Doomed Love: Marilyn Monroe’s tragic love affair with Joe DiMaggio
In jarring contrast to her hypersexual on-screen image, Marilyn Monroe’s low-key marriage in 1954 to baseball star Joe DiMaggio reflected the genuine affection the couple shared. She wore an elegant chocolate brown broadcloth pencil dress and jacket, featuring a white ermine Peter Pan style collar. The marriage lasted less than a year but, despite spending several years married to playwright Arthur Miller, it was rumoured Monroe and DiMaggio never fell out of love and were to remarry on 8 August, 1962, which sadly turned out to be the date of her funeral.
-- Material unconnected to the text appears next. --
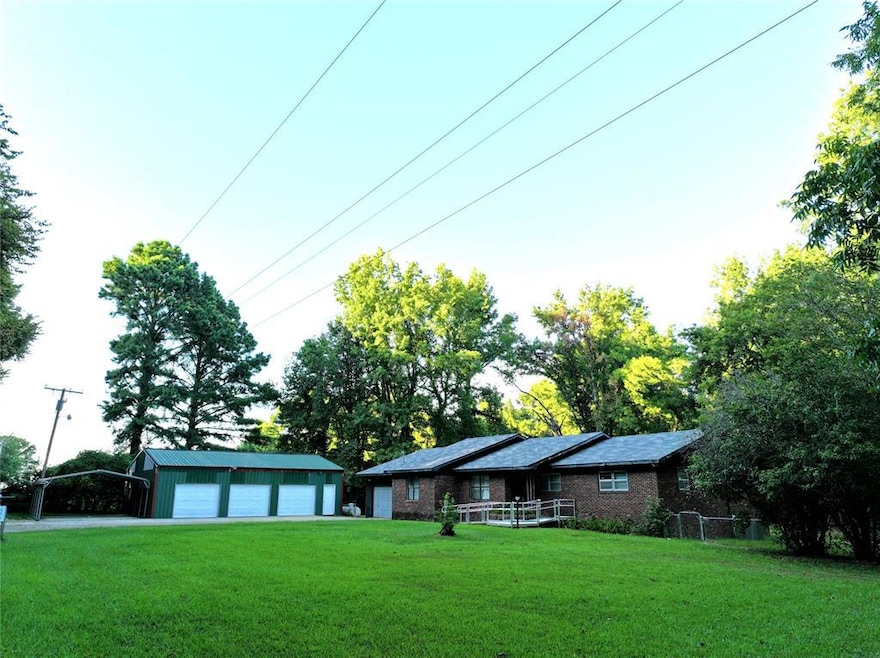 604 N Denison Rd, Idabel, OK 74745 - photo 1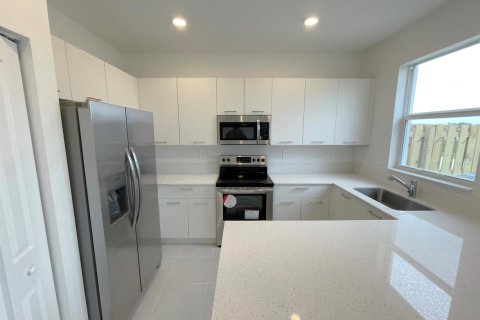 Touwnhouse à louer à Miami, Floride: 3 chambres, 137.77 m2 № 2085788 - photo 4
DiMaggio took charge of funeral arrangements and made sure fresh roses were delivered to Monroe’s grave every two weeks. He never remarried and never gave an interview about Monroe. Her wedding ensemble was sold to a private American buyer at a Sotheby’s auction in 1998, for $33350. The ring was also auctioned and was, perhaps surprisingly, one of the only glitzy pieces of fine jewellery in Monroe’s entire estate. The 35-diamond eternity band was missing a baguette diamond, symbolising the unfulfilled promise of the pair’s love.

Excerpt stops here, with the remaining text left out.